Externalités négatives
Le point commun majeur entre d’un côté les autorités qui manient mieux le carnet de contraventions que la ventilation des lieux clos, et de l’autre les négateurs de la gravité du SARS-CoV2, est que les uns comme les autres ne parlent quasiment jamais de covid long, ces symptômes persistants invalidants pouvant durer plusieurs mois, qui touchent pourtant 10% à 25% des personnes infectées – en majorité des femmes – et comportant entre autres épuisement, atteintes organiques, réponses auto-immunes ou troubles neurologiques. La vaccination semble réduire la prévalence de ces symptômes d’un peu plus de moitié, mais même dans ces proportions réduites l’ampleur des infections actuelles occasionnera une vague de cas dont on ne mesure pas encore l’impact. C’est le résultat prévisible de l’application de logiques capitalistes : les instances publiques n’agissent que quand le risque immédiat de saturation hospitalière menace la poursuite de l’activité économique ; quant aux autres effets délétères, elles les reconnaissent le moins possible pour ne pas avoir à payer, et en transférer le poids sur les pauvres et les jeunes. Comme pour le climat, la pollution de l’air, la surexploitation des ressources, etc.
Recoller les morceaux
Sortir de cette crise demandera un travail profond, tant elle a exacerbé les mêmes travers qui lui ont permis de prospérer. Remettre l’interdépendance au centre de notre champ de vision, comprendre que la protection des plus faibles est la garantie de communautés robustes, et intégrer la science dans les démarches de reprise en main des conditions de nos vies, comme nous le faisons depuis longtemps dans le mouvement pour le climat. Personne ne se sauvera seul.

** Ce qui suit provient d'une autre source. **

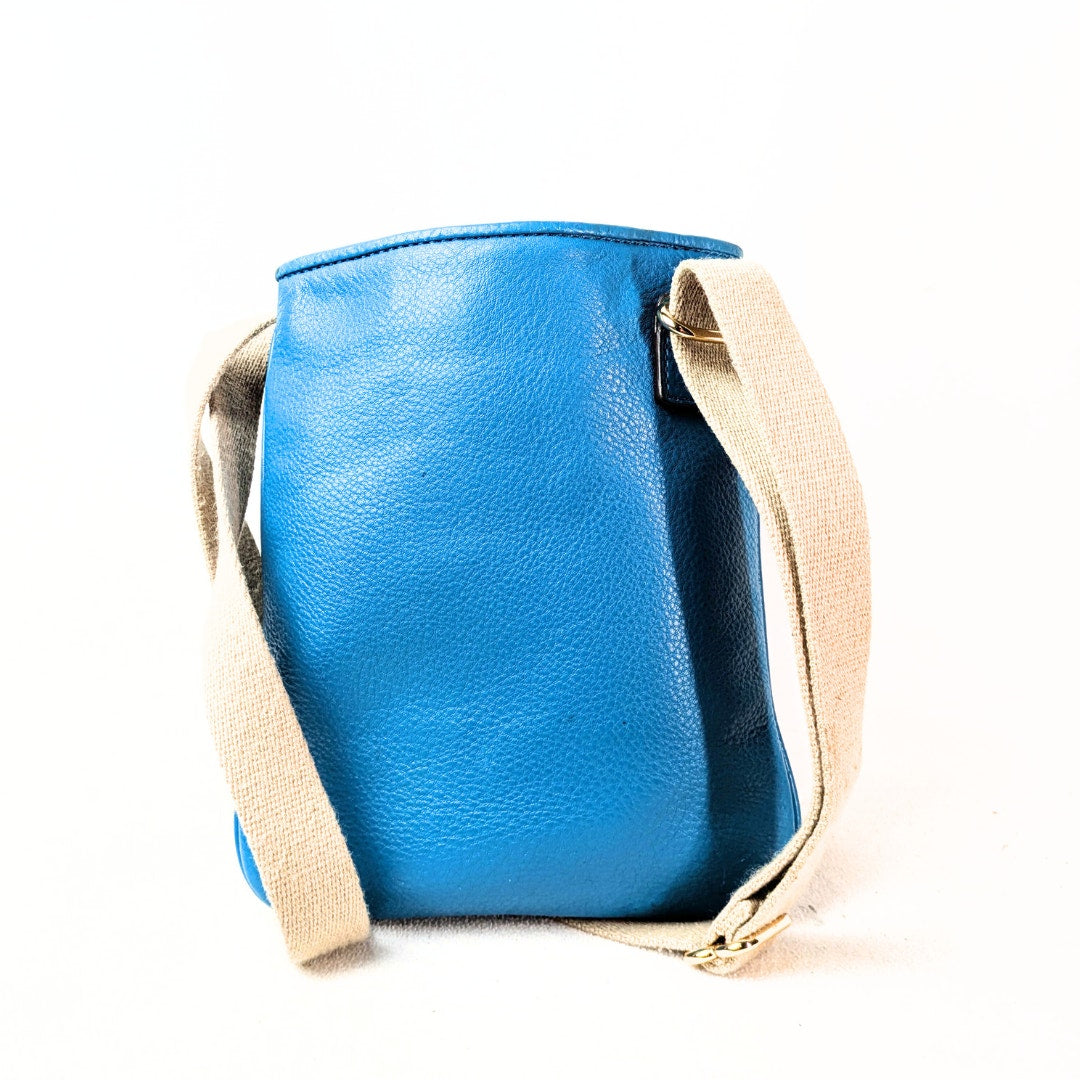 Michael Kors Fulton Sky Blue Crossbody Bag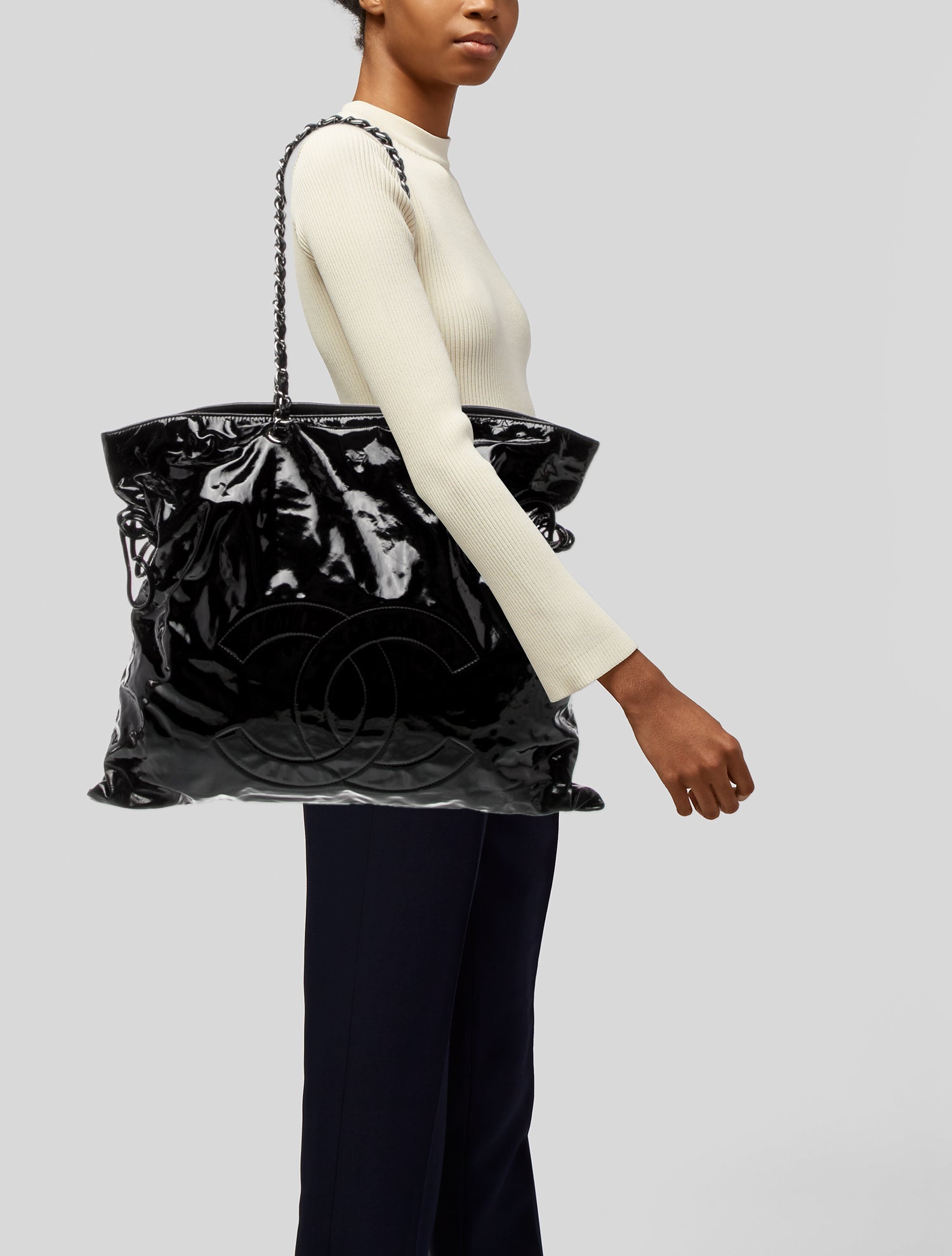 Chanel Patent Bon Bon Tote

(1) Greffés, personnes atteintes de cancer, atteints de maladie chronique invalidante ou auto-immune, diabétiques, cardiaques, dialysés…
(2) Je ne suis pas pressé de voir le jour où parmi les 300 000 morts annuels dus à la pollution de l’air dans l’Union Européenne, on décomptera séparément les personnes affaiblies pour dire que la pollution de l’air finalement c’est pas si grave, que c’est endémique et qu’il faut apprendre à vivre avec
Je voudrai signaler ici combien je trouve l’article de Nicolas GONI remarquable.
La pandémie a permis au capitalisme d’avancer dans son processus de majoration de l’individualisme forcené et de perte de solidarité, au détriment des plus faibles et des plus malades. Quand dans la rue “liberté, liberté” s’exprime, mon conscient et mon subconscient entendent immédiatement liberté individuelle, individualisme absolu.
Les politiques prennent délibérément des mesures scientifiquement aberrantes sous couvert de raisons scientifiques délibérément fausses. La perte de confiance de la population envers “la raison” qui en résulte permet au capitalisme grâce à la manipulation associée par les réseaux sociaux d’installer l’irrationnel qui favorise la domination.